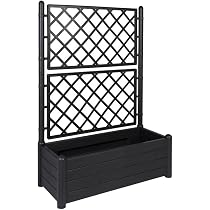 Lot De 2 Treillages De Jardin Avec Jardinière - Plastique Anthracite 43x43x142 Cm - Kreher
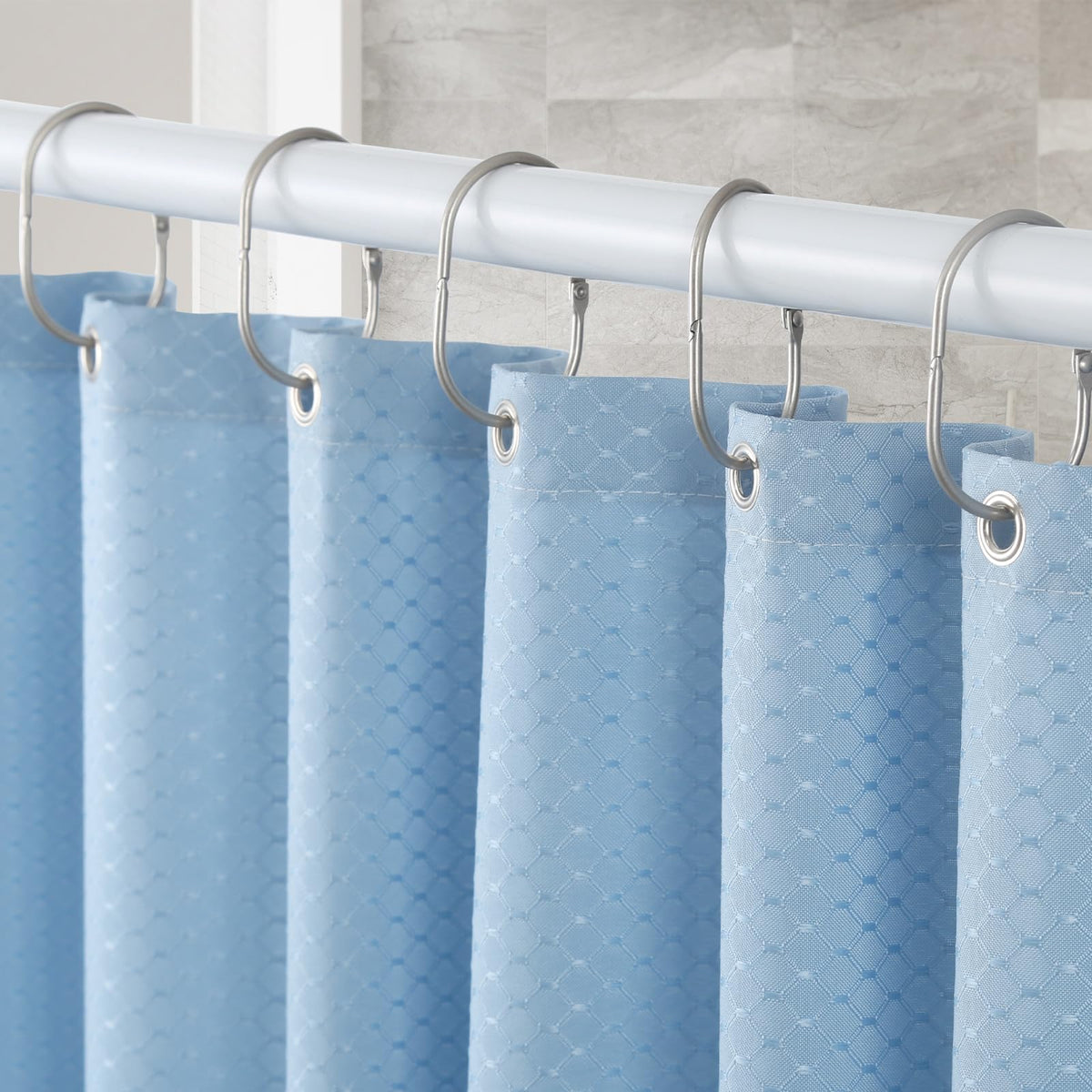 Goowin Shower Curtain Hooks, 12 Pcs Shower Curtain Rings Rust Proof Metal Oval Rings Clasp Closed Shower Curtain Rings for Bathroom Shower Rods - image 2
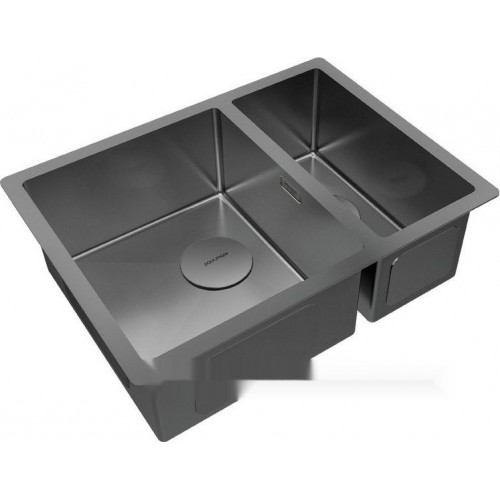 Кухонная мойка Paulmark Next 58/2S Uni PM225844-GM (черный/вороненая сталь)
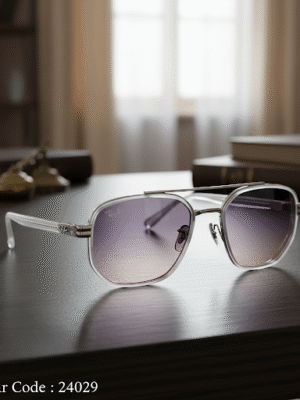 24029-658 نظارة شمسية بوليفار / راي بان موديل C-239 – تصميم سداسي رمادي شفاف مع حماية UV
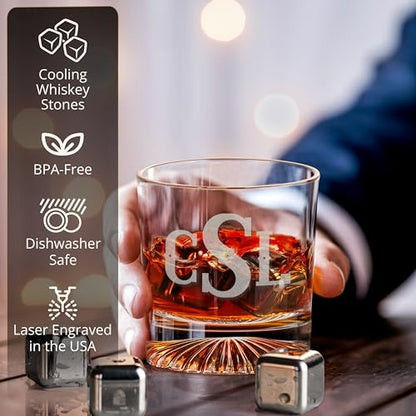 Custom Monogram 3 Initials Whiskey Gift Set, Glass, Wood Box, Him | Dot Design, Leather Coaster, Stainless Steel Stones, Personalized Design, Gift For Men, Husband Present, Dad Idea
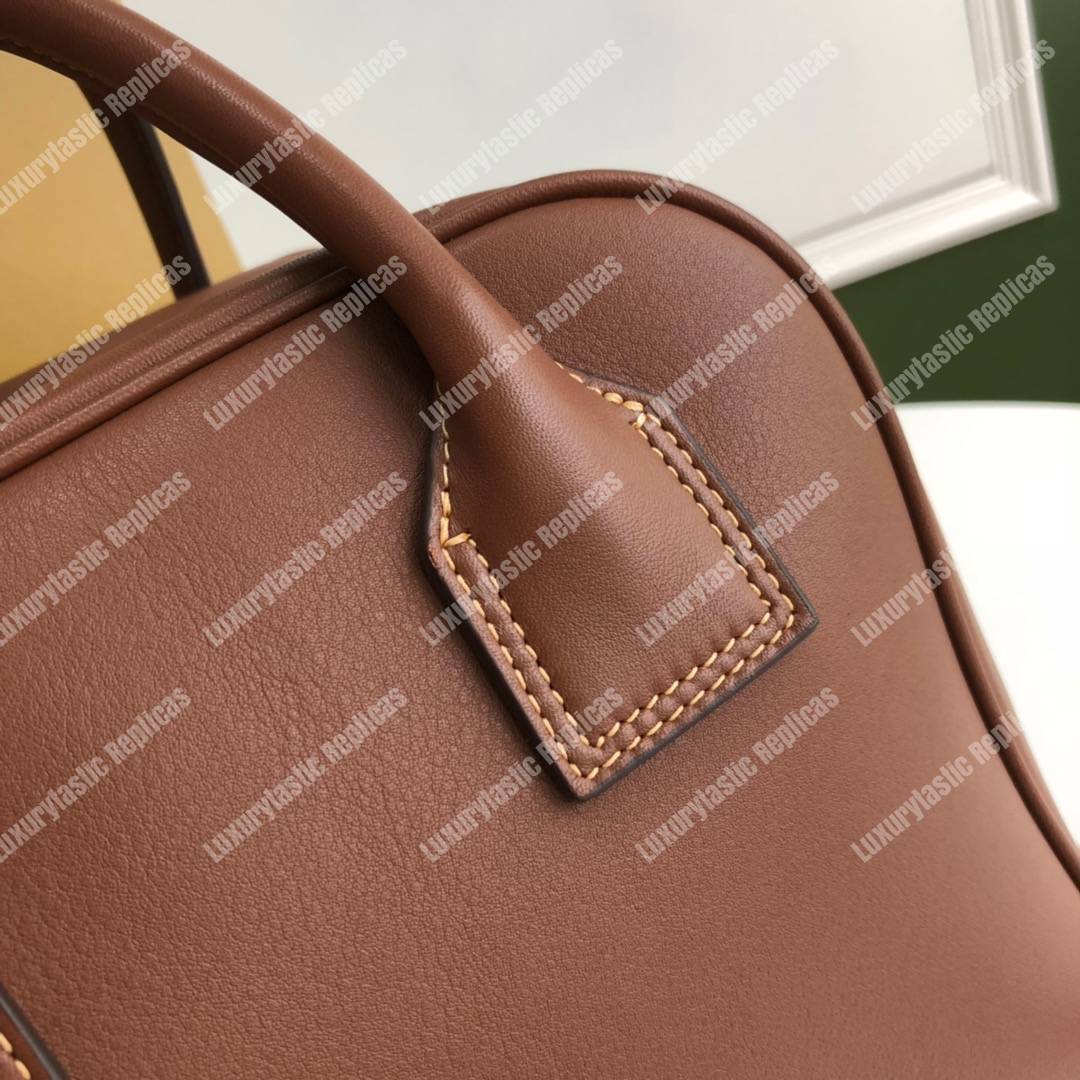 B**rry small leather cube bag brown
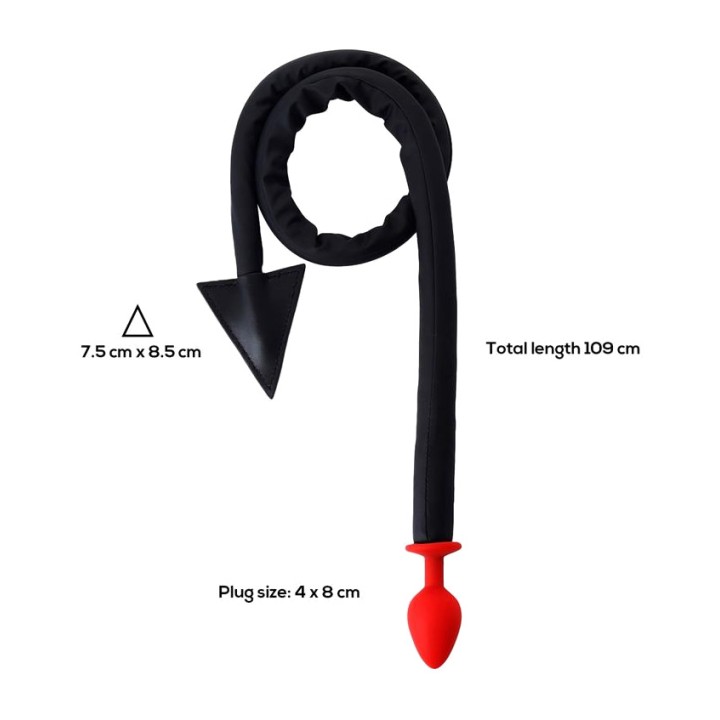 A-GUSTO Plug anal avec queue de diable DEVIL TAIL AG-051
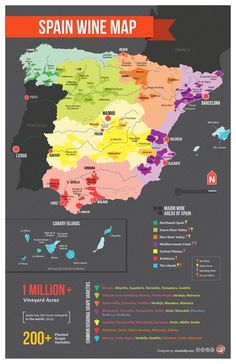 the wine map of spain is shown in this image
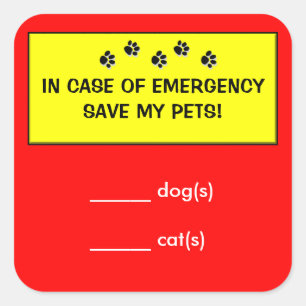In Case of Emergency Alert Rescue Pet Stickers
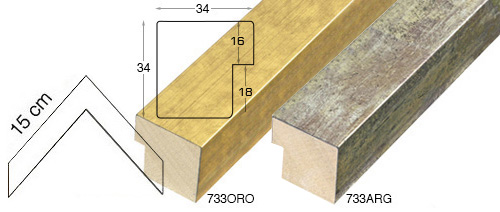 Série complète d'èchantillons à angle de la baguette 733 (2 pièces)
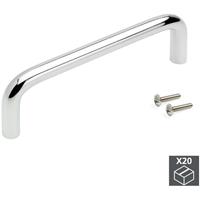 EMUCA Möbelgriff, D. 8 mm, Achsabstand 96 mm, Stahl, Verchromt, 20 St. - 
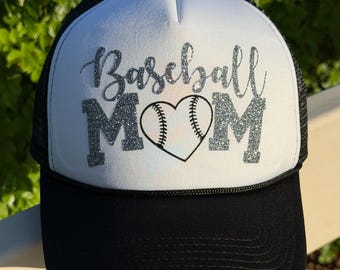 Glitzer Baseball Mom Trucker Cap: Team Farben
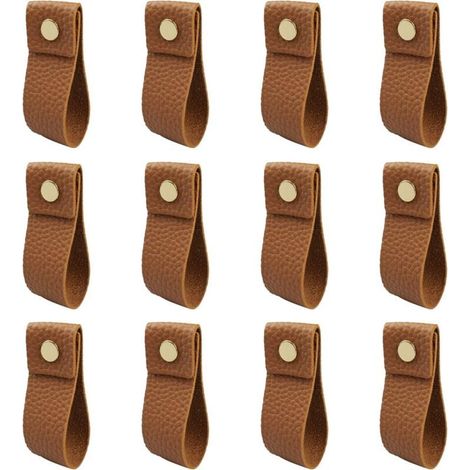 CSPARKV 12 Pièces Poignee Cuir Marron PU Poignée de Tiroir en Cuir Poignées de Placard avec Vis Accessoires pour Meubles, Cuisine, Salle Bain Armoires Cabinet, Garde-Robe Commode (1/5)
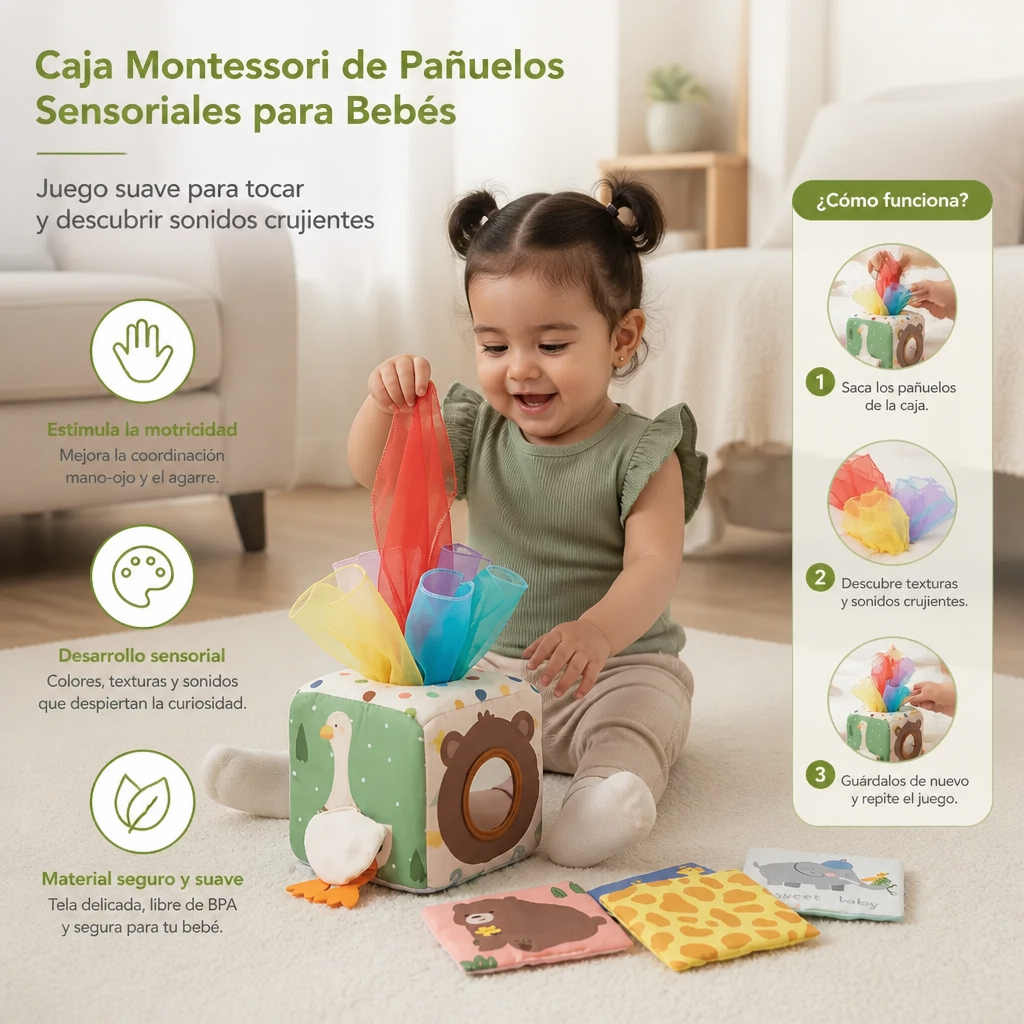 Caja Montessori de Pañuelos Sensoriales para Bebés – Juego Suave para Tocar y Descubrir Sonidos Crujientes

::::::::::

* _WORK ORDER_:
Quote all of the entries word for word, omitting any pictures.

* _ANSWER SECTION_:
 Lot De 2 Treillages De Jardin Avec Jardinière - Plastique Anthracite 43x43x142 Cm - Kreher
 Goowin Shower Curtain Hooks, 12 Pcs Shower Curtain Rings Rust Proof Metal Oval Rings Clasp Closed Shower Curtain Rings for Bathroom Shower Rods - image 2
 Кухонная мойка Paulmark Next 58/2S Uni PM225844-GM (черный/вороненая сталь)
 24029-658 نظارة شمسية بوليفار / راي بان موديل C-239 – تصميم سداسي رمادي شفاف مع حماية UV
 Custom Monogram 3 Initials Whiskey Gift Set, Glass, Wood Box, Him | Dot Design, Leather Coaster, Stainless Steel Stones, Personalized Design, Gift For Men, Husband Present, Dad Idea
 B**rry small leather cube bag brown
 A-GUSTO Plug anal avec queue de diable DEVIL TAIL AG-051
 the wine map of spain is shown in this image
In Case of Emergency Alert Rescue Pet Stickers
 Série complète d'èchantillons à angle de la baguette 733 (2 pièces)
 EMUCA Möbelgriff, D. 8 mm, Achsabstand 96 mm, Stahl, Verchromt, 20 St. - 
 Glitzer Baseball Mom Trucker Cap: Team Farben
 CSPARKV 12 Pièces Poignee Cuir Marron PU Poignée de Tiroir en Cuir Poignées de Placard avec Vis Accessoires pour Meubles, Cuisine, Salle Bain Armoires Cabinet, Garde-Robe Commode (1/5)
 Caja Montessori de Pañuelos Sensoriales para Bebés – Juego Suave para Tocar y Descubrir Sonidos Crujientes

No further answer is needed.